[PROBLEM STATEMENT] After finding the line with "Groupe de femmes" in the entries below, copy that line and each one after it exactly, through the last line, and omit pictures.
*** DATA PROVIDED Section Begins ***
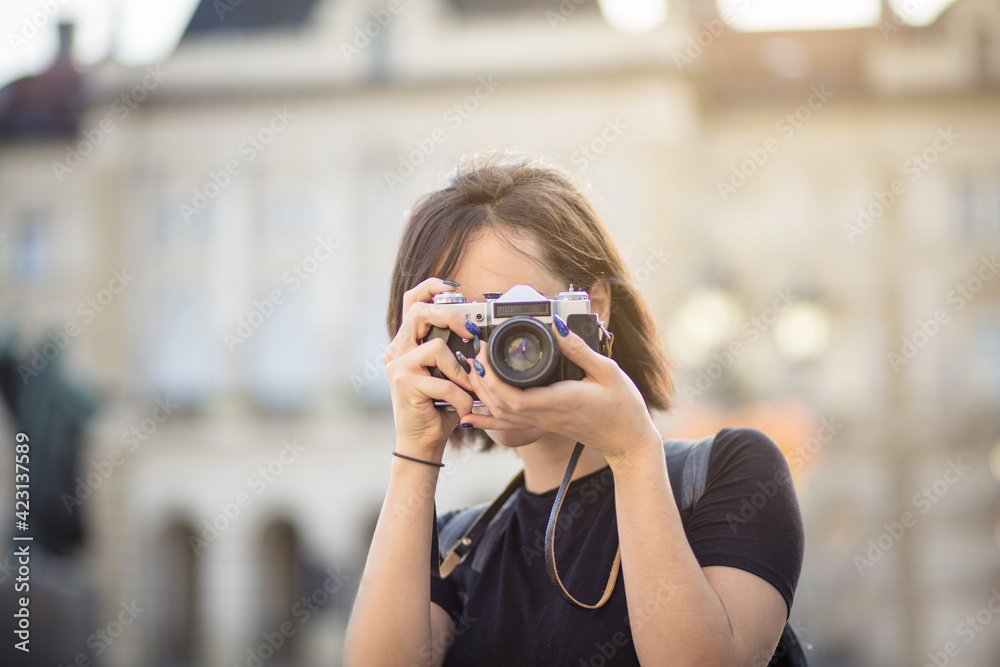  Young woman taking photo in the city with camera.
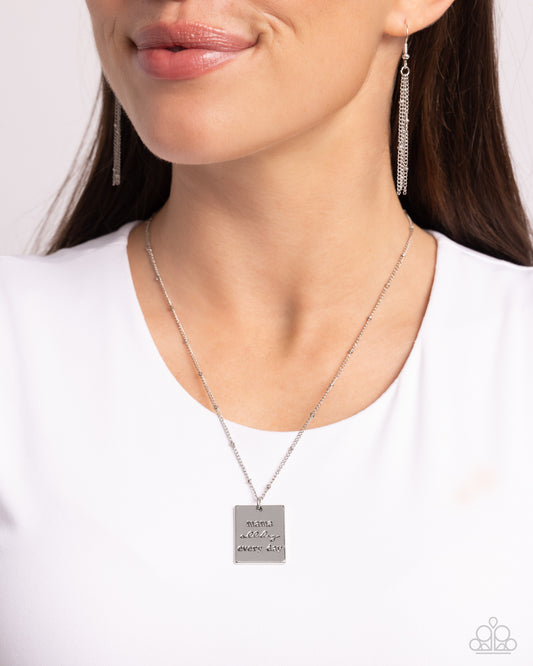 <p>Infused with dainty silver studs on a dainty silver chain, a silver rectangular plate is stamped with the phrase "mama all day every day," for a monochromatic, minimalistic tribute. Features an adjustable clasp closure.</p> <p><i> Sold as one individual necklace. Includes one pair of matching earrings.</i></p>
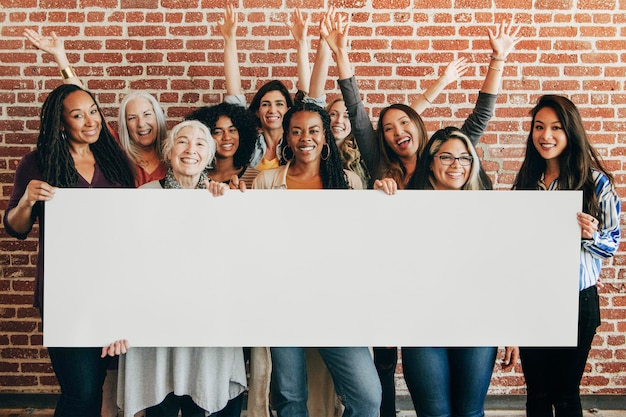 Groupe de femmes diverses montrant une maquette de bannière vierge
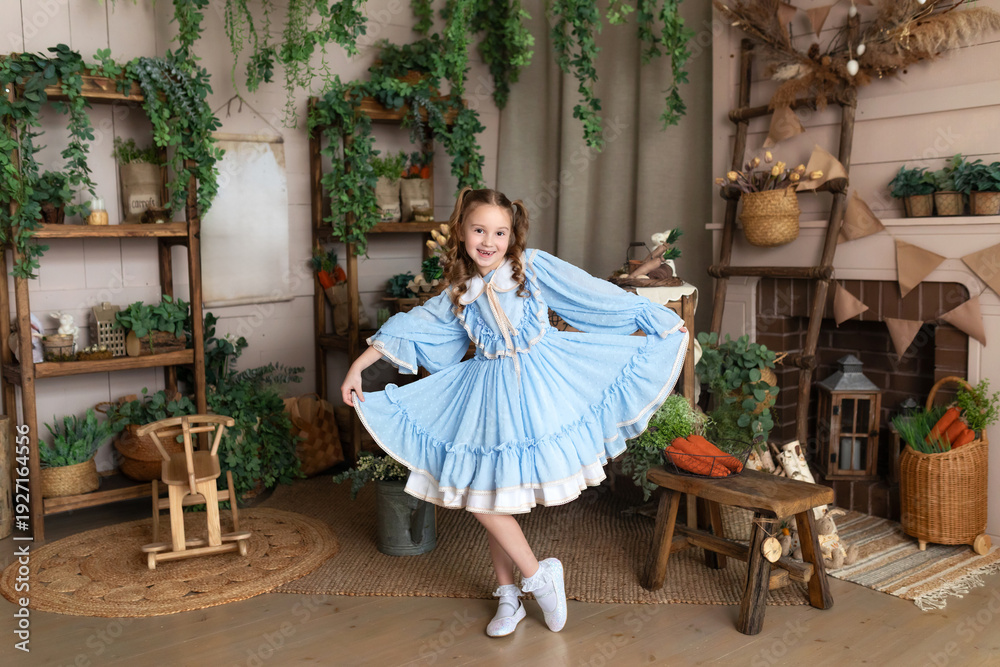 Obraz premium Happy little girl in blue dress. Smiling Kid girl dances and spins at home, cute child in festive outfit moves and rejoices against the background of the Easter interior room at home
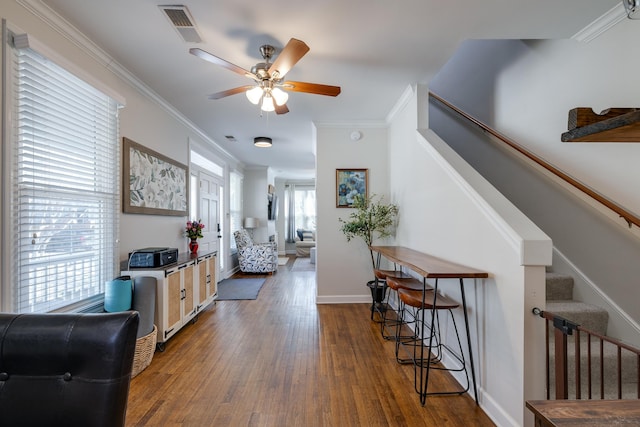 foyer entrance featuring ornamental molding, visible vents, stairway, and wood finished floors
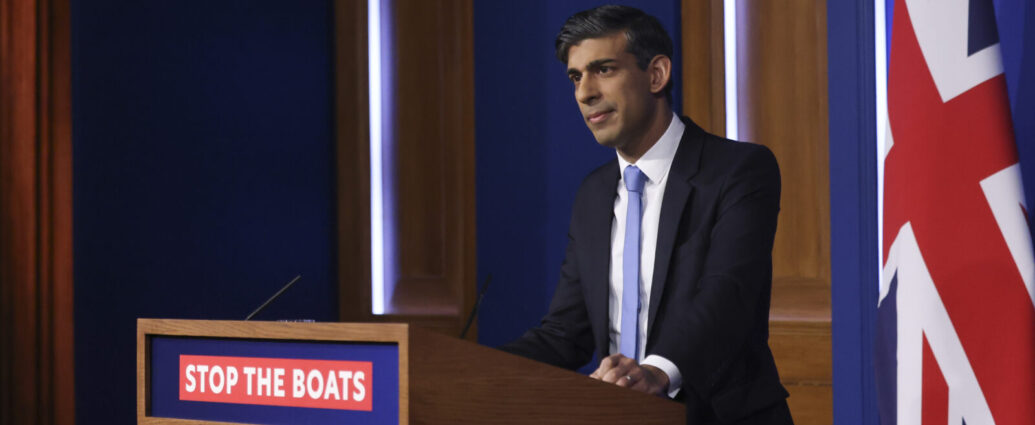 UK Prime Minister Rishi Sunak behind a podium that says 'stop the boats'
*** DATA PROVIDED Section Ends ***
[SOLUTION TO THIS PROBLEM]
 Groupe de femmes diverses montrant une maquette de bannière vierge
 Obraz premium Happy little girl in blue dress. Smiling Kid girl dances and spins at home, cute child in festive outfit moves and rejoices against the background of the Easter interior room at home
 foyer entrance featuring ornamental molding, visible vents, stairway, and wood finished floors
 UK Prime Minister Rishi Sunak behind a podium that says 'stop the boats'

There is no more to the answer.